Doga – colloquio con Massimo Barra

Da: “Città Liberale” Mensile di politica e cultura – Anno I giugno 1989

Intervista a Massimo Barra, medico, Ispettore Nazionale dei Volontari del Soccorso della C.R.I., Presidente del gruppo di esperti della Croce Rossa Internazionale sulla droga, il quale quindici anni fa, precorrendo il fenomeno della tossicomania utilizzò i locali della C.R.I. di Villa Maraini per un centro antidroga che nel tempo e nello sviluppo degli interventi ha assistito migliaia di giovani recuperandone molti.

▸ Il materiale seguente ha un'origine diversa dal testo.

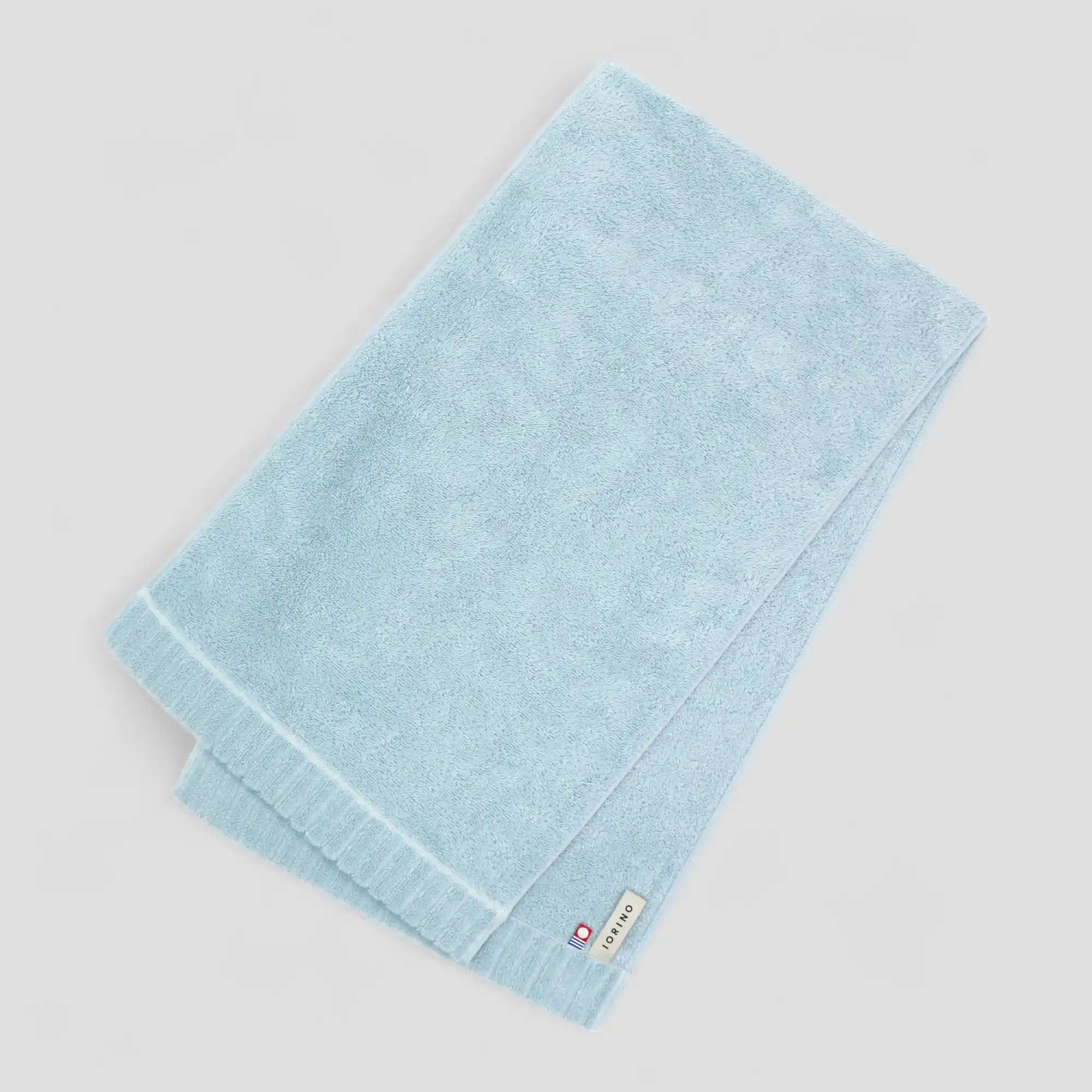 Light blue Imabari towel with a brand label on a light gray background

Abbiamo posto al Dr. Barra alcune domande sul ruolo della Famiglia nell’evoluzione di un congiunto nel percorso tossicomanico. “La famiglia del tossicomane è sempre coinvolta dalla tossicomania del congiunto, tanto a monte quanto a valle. Un tossicomane in casa è una mina vagante capace di sconvolgere anche l’equilibrio più stabile. E’ indispensabile, per questo, che la famiglia cerchi e trovi alleati capaci di supportarla e di sostenerla nell’impatto con i problemi drammatici creati tanto dal consumo di droga quanto anche dall’intraprendere il lungo percorso della terapia.

E’ una lotta di anni nella quale è facile cedere alla disperazione o addirittura diventare induttori di altra patologia. Si tenga presente anche che la tentazione dell’abbandono è sempre dietro l’angolo. D’altro canto chi ha il problema in casa spesso rischia di apparire come un’appestato che viene sfuggito ed allontanato dagli altri.
L’essersi associati rappresenta un’importante mezzo per combattere meglio ognuno la propria battaglia. Già lo scambio d’opinione, di esperienze di vissuti personali su condizioni spesso drammatiche facilita il miglioramento della risposta individuale.

L’esempio, poi, di chi ha vinto la propria battaglia, rappresenta l’incoraggiamento indispensabile per quanti sono ancora nella fase del dubbio o della disperazione. Oltre ciò l’associazione può rappresentare uno stimolo affinché le forze politiche prendano più sul serio tutta la vasta problematica legata alla droga evitando di occuparsene solo in maniera superficiale e non scientificamente corretta “.